Aussi, je pense qu’il est important d’être modeste face aux autres magiciens. J’ai trop souvent vu des magiciens prétendent connaître un tour ou une méthode parce qu’ils ont peur d’être jugés ou pour ne pas heurter leur égo. Il est important d’admettre ses limites et d’apprendre à poser les bonnes questions. Plus souvent qu’autrement, lorsque j’admets à un magicien que j’ai été totalement bafoué par son tour, il prend le temps de me l’enseigner et de me parler de toutes les subtilités qu’il a découvert. C’est ainsi qu’on ouvre le dialogue entre collègues.
Pour ce qui est du chemin, je pense que c’est propre à chaque individu. Ceci dit, j’aurais aimé étudier un peu plus le monde des affaires pour mieux m’outiller dans cet aspect de ma carrière.
Quel regard portez-vous sur la magie actuelle ?
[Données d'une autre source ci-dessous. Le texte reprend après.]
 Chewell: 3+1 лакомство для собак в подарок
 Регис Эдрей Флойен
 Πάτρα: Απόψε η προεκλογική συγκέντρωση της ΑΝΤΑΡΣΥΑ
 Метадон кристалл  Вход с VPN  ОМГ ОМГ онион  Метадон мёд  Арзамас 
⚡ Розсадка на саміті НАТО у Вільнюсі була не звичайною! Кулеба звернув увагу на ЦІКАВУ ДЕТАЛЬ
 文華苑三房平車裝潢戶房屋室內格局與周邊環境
Je trouve merveilleux l’accessibilité en magie aujourd’hui. Le seul hic, c’est que ça peut devenir trop prenant toute cette abondance ! Quand j’étais plus jeune, il était très difficile de trouver de l’information. Je me souviens que je ramassais mes économies pour me procurer des cassettes VHS à prix fort élevé. De nos jours, la même information est disponible en téléchargement pour quelques dollars seulement. Et c’est sans compter la quantité d’informations disponibles sur YouTube ou sur les forums de discussion ! L’accès à l’information est énorme, ce qui s’avère à la fois une bénédiction et une boîte de Pandore.
Je pense qu’il est important pour les jeunes magiciens de trouver un mentor et de faire partie d’un club où il sera possible d’échanger. Ça permet d’être mieux guidé au lieu de ne plus savoir où donner de la tête quand vient le temps de choisir son répertoire.
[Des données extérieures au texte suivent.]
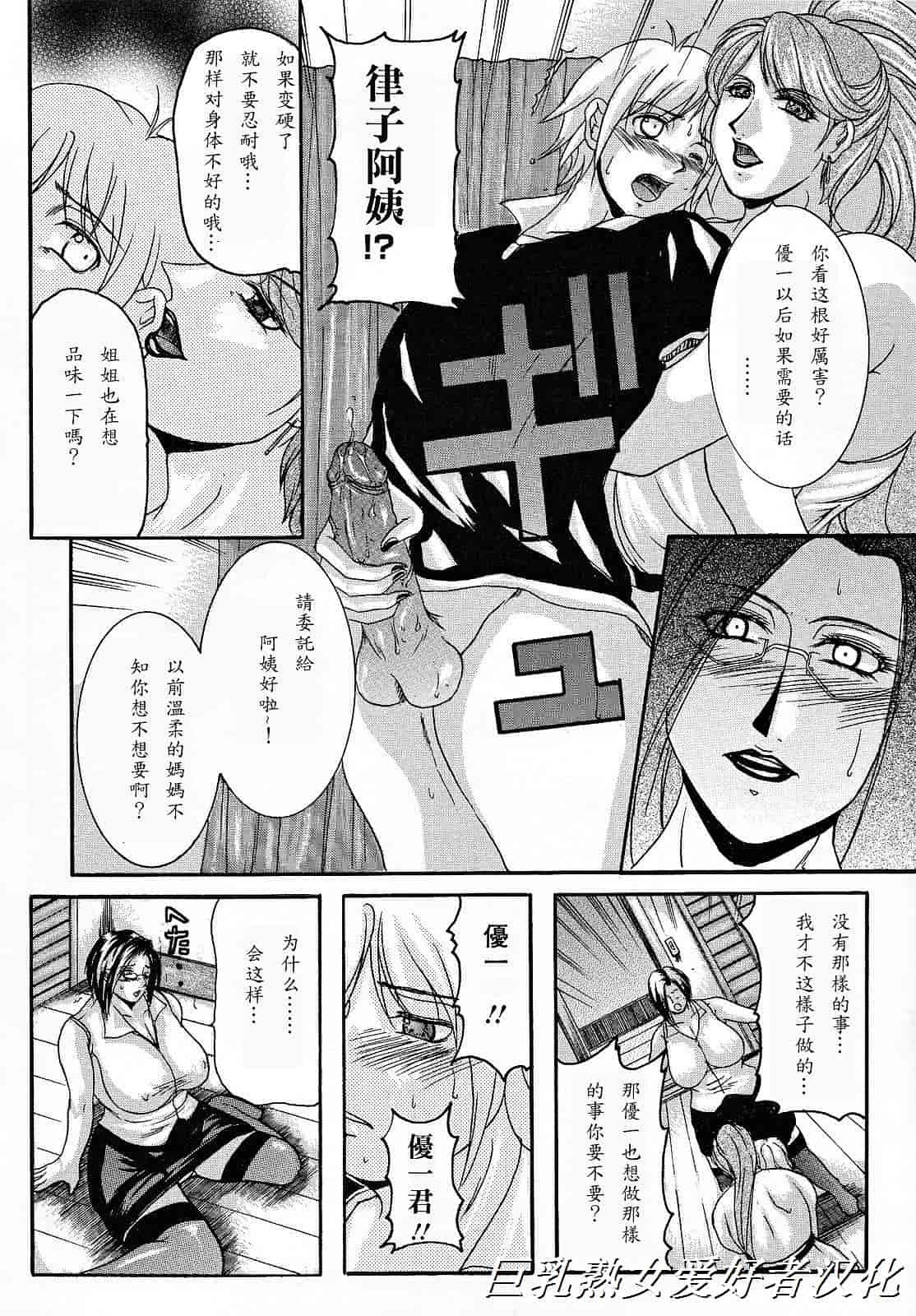 汉化版-[橫山私刑] 母生～ははナマ～_第3集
Quelle est l’importance de la culture dans l’approche de la magie ?
Immense ! À force de présenter des spectacles, on comprend rapidement que ce n’est pas à propos de la technique mais bien du lien que nous arrivons à créer avec le public. La seule façon de vraiment se connecter avec les gens est d’avoir un intérêt commun, un sujet qui saura fasciner, une question qui nous permettra d’en apprendre un peu plus. Pour pouvoir vraiment créer une vraie relation avec les spectateurs, tout repose sur la culture, les connaissances et cette capacité de partager ce qui nous intéresse. Pour devenir un bon magicien, il est indispensable de regarder à l’extérieur du monde de la magie !
Vos hobbies en dehors de la magie ?
J’adore cuisiner, faire du vélo, lire, passer du temps avec mes filles, prendre de longues marches avec ma femme. Je suis un éternel curieux et il y aura toujours quelque chose de nouveau qui va m’intéresser.
Ceci dit, la magie reste aussi un hobby ! Ça semble cliché mais lorsqu’on est professionnel, la magie prend une place différente dans nos vies. On doit gérer l’entreprise, planifier les tournées, répéter les mêmes tours des centaines de fois, travailler sur la publicité, etc. Malgré tout, la magie reste un pur bonheur pour moi. J’aime faire de la recherche, pratiquer de nouvelles techniques et rencontrer des collègues magiciens. J’espère garder ce plaisir de découvrir et de redécouvrir la magie au quotidien pendant encore très longtemps.
– Interview réalisée en décembre 2021.